▶ YOUR INSTRUCTIONS:
For every line below, restate it exactly and drop the images.
(PROVIDED DATA)
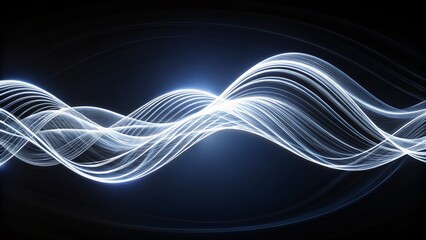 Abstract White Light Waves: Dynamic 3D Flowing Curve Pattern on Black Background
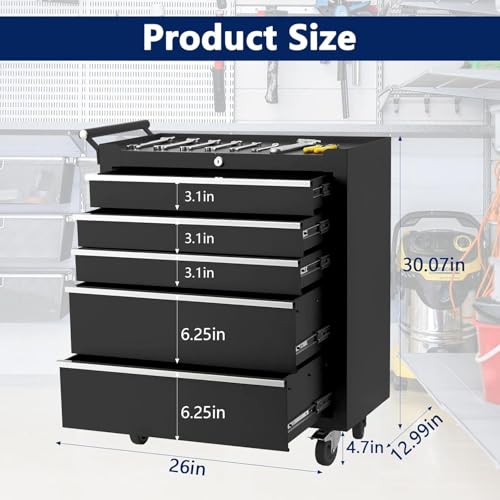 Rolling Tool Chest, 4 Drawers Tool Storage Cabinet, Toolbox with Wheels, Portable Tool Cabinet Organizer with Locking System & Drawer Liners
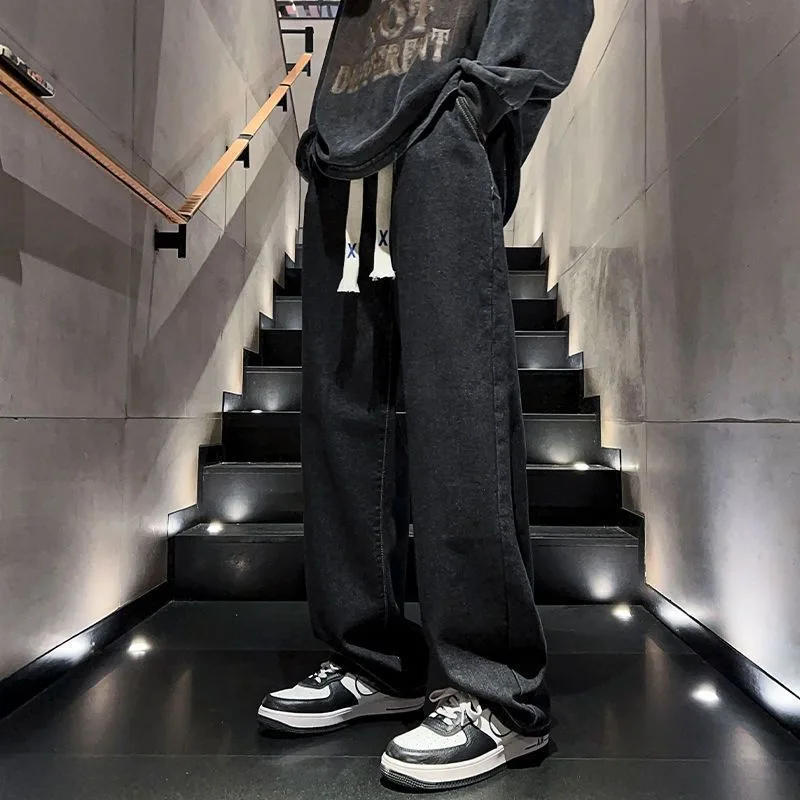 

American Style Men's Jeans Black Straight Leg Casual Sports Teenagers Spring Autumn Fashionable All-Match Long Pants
(End PROVIDED DATA)
▶ EXERCISE ANSWER:
 Abstract White Light Waves: Dynamic 3D Flowing Curve Pattern on Black Background
 Rolling Tool Chest, 4 Drawers Tool Storage Cabinet, Toolbox with Wheels, Portable Tool Cabinet Organizer with Locking System & Drawer Liners

American Style Men's Jeans Black Straight Leg Casual Sports Teenagers Spring Autumn Fashionable All-Match Long Pants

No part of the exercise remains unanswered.